Is it still worth visiting Fiji’s reefs given climate change?

Yes — and in a meaningful sense, now more than at any future point. Many of Fiji’s reef systems remain in genuinely good condition, particularly those in well-managed marine protected areas and those that have been fortunate enough to avoid the worst thermal events. Visiting contributes economically to the communities that manage and protect these reefs, and tourism that values healthy reefs creates the incentive structures under which protecting them makes practical sense. Visiting also involves bearing witness to something extraordinary and under pressure — which is a different kind of experience from simply seeing something beautiful, but not a lesser one.

What was Fiji’s role at COP23?

Fiji held the presidency of COP23 — the 23rd United Nations Climate Change Conference — held in Bonn, Germany in November 2017, becoming the first Pacific island nation to do so. Under Prime Minister Frank Bainimarama, Fiji used the presidency to introduce the Oceans Pathway, a commitment to formally integrate ocean health into the UNFCCC process, and to advocate strongly for the 1.5°C global temperature target established in the Paris Agreement. For low-lying Pacific islands, the difference between 1.5°C and 2°C of warming is significant enough that Fijian diplomats described 2°C warming as existential for some of the island communities they represent.

Can travellers do anything meaningful to help?

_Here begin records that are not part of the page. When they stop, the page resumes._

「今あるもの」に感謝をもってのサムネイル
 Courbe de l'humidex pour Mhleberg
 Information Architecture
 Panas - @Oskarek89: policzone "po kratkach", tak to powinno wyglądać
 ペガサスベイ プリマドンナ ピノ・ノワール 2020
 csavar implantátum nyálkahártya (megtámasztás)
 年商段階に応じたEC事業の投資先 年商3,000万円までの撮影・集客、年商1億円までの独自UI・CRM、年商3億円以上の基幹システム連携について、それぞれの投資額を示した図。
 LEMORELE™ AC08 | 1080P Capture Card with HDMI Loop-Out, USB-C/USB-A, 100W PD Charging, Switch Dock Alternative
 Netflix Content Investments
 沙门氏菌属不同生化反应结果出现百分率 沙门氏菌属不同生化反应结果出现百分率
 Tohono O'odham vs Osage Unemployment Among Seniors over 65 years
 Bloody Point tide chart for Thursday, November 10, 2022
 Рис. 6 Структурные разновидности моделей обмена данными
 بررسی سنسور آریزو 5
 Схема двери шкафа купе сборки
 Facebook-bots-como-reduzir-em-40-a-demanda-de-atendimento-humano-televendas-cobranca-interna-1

A few things make a genuine difference at the margin. Choosing operators that participate in community-based marine protected area programmes, support reef monitoring, or contribute to coral restoration projects directs tourism spending toward the activities most likely to improve reef resilience. Snorkelling and diving responsibly — no touching, no standing on coral, maintaining distance from marine life — reduces the additional stress on reefs already under thermal pressure. Organisations including WWF-Pacific run reef restoration and community conservation programmes that accept donations and, in some cases, volunteers. And supporting governments and policies committed to meaningful emissions reduction is the one action that addresses the problem at the scale it actually operates.